La décision a été notifiée par le greffe par lettres recommandées avec accusés de réception signés le 17 février 2022.
Par déclaration en date du 9 mars 2021, la SA La Poste a interjeté appel à l'encontre dudit jugement.
Aux termes de ses conclusions notifiées par voie électronique le 11 octobre 2021, la SA La Poste sollicite de la cour de':
INFIRMER le jugement du conseil de prud'hommes et statuant de nouveau :
DIRE ET JUGER que le licenciement pour cause réelle et sérieuse de M. [J] [L] est bien fondé,
En conséquence, débouter M. [J] [L] de l'intégralité de ses demandes y afférent.
CONSTATER que M. [J] [L] ne rapporte pas la preuve d'avoir subi un préjudice distinct de la rupture de son contrat.
En conséquence, DEBOUTER M. [J] [L] de sa demande d'indemnité au titre d'un licenciement vexatoire.
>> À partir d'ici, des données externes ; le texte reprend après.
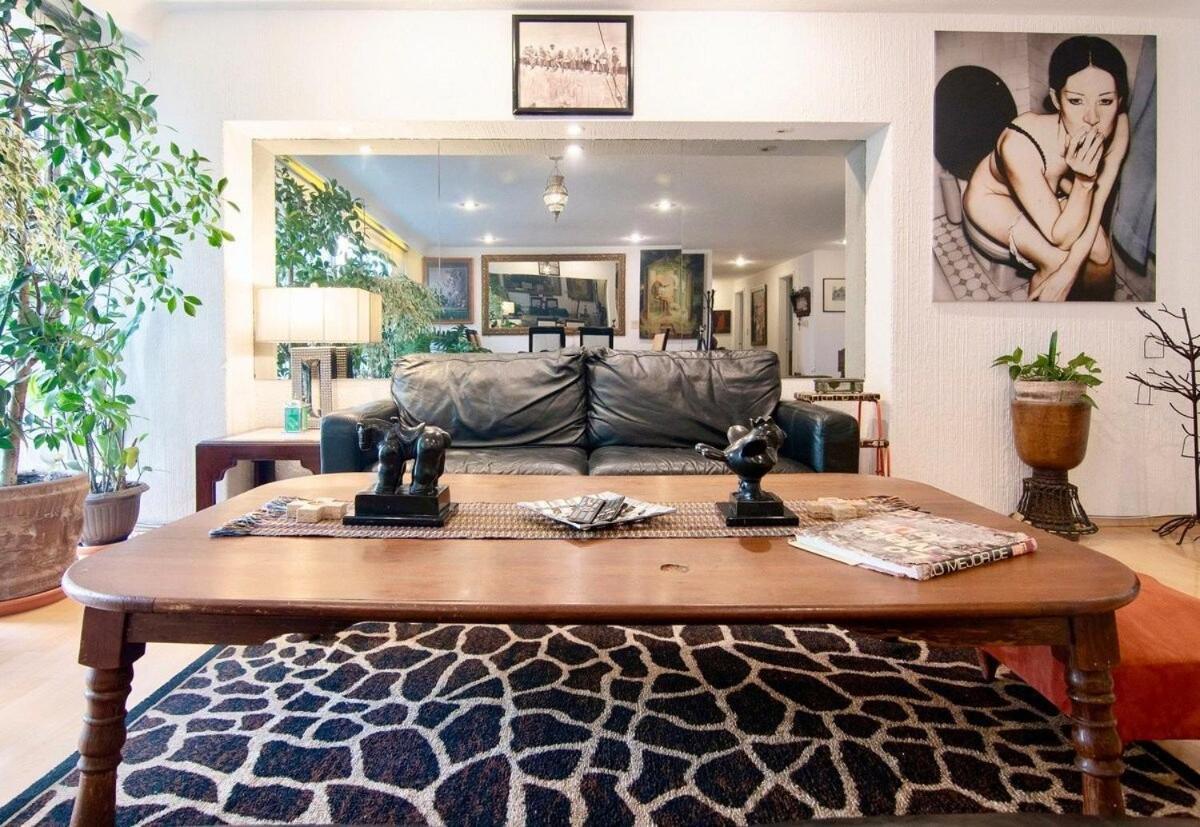 Eclectic Jungle: 4 Bedrooms In Beautifull Polanco Mexiko-Stadt Exterior foto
Accueillant la demande reconventionnelle de la société :
CONDAMNER M. [J] [L] à payer à la société La Poste la somme de 2'500,00'euros au titre de l'article 700 du code de procédure civile.
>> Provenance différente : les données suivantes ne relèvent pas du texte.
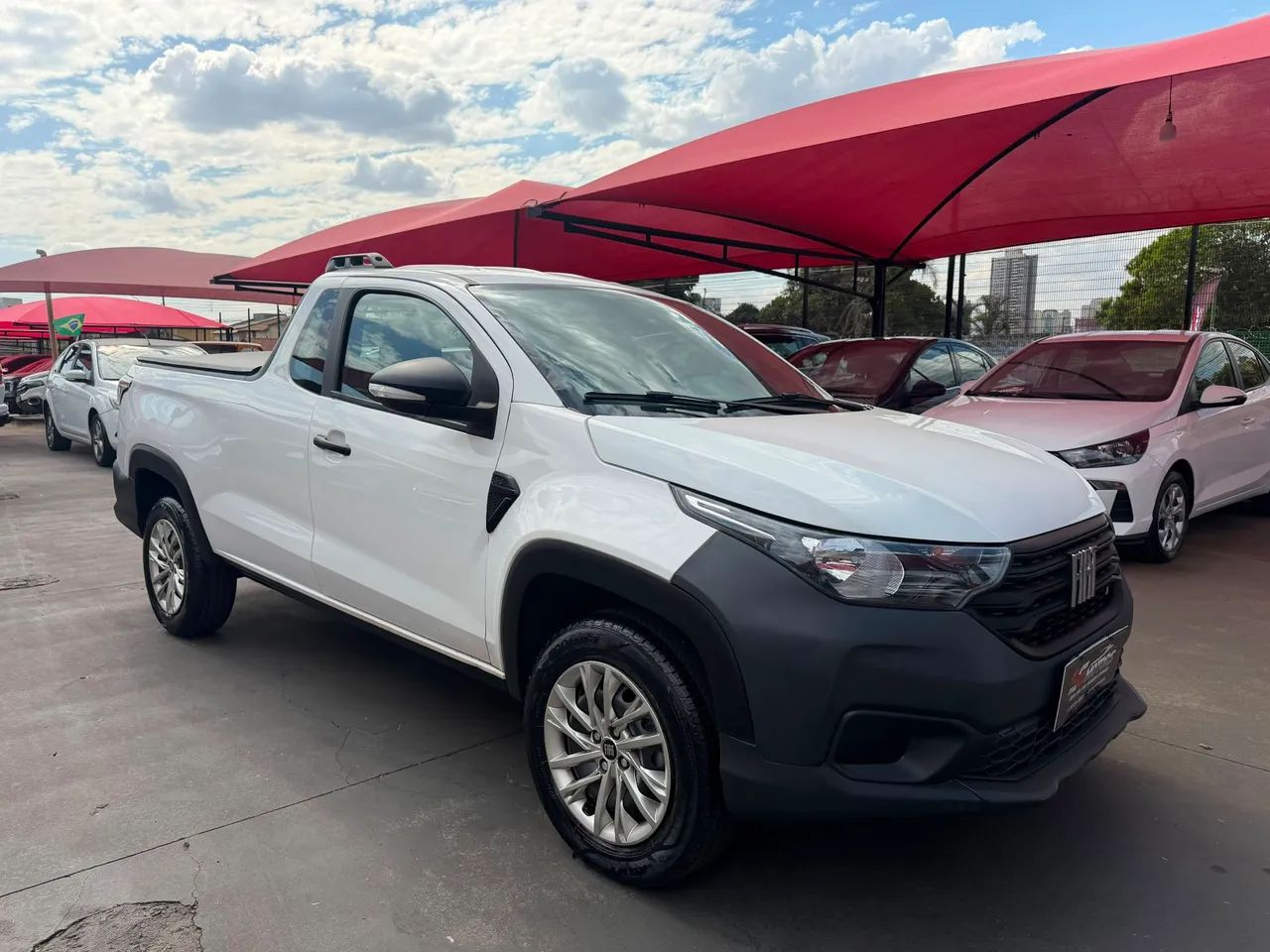 Fiat Strada Endurance 1.3 Flex 8V CS 2025 - Foto 2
Aux termes de ses conclusions notifiées par voie électronique le 31 août 2021, M. [J] [L] sollicite de la cour de':
CONFIRMER le jugement entrepris en ce qu'il a :
Dit que le licenciement de M. [J] [L] est sans cause réelle et sérieuse,
Condamné la SA La Poste à payer à M. [J] [L] les sommes suivantes':
- 5 000 € à titre de dommages et intérêts pour les conditions vexatoires de la rupture du contrat de travail,
- 1 200 € au titre de l'article 700 du code de procédure civile.
Lesdites sommes avec intérêts de droit à compter du prononcé du jugement.
Dit n'y avoir lieu à exécution provisoire';
Débouté la SA La Poste de sa demande reconventionnelle';
Condamné la SA La Poste aux dépens.
Le REFORMER pour le surplus, et, statuant à nouveau,
CONDAMNER la société La Poste à verser à M. [J] [L] les sommes suivantes':
- 41 000,00 € nets de CSG CRDS (20 mois de salaire) à titre de dommages et intérêts pour licenciement sans cause réelle et sérieuse
- 3 000,00 € au titre l'article 700 du code de procédure civile
CONDAMNER la société La Poste aux dépens.
Pour un exposé complet des moyens et prétentions des parties, il convient au visa de l'article 455 du code de procédure civile de se reporter aux conclusions des parties susvisées.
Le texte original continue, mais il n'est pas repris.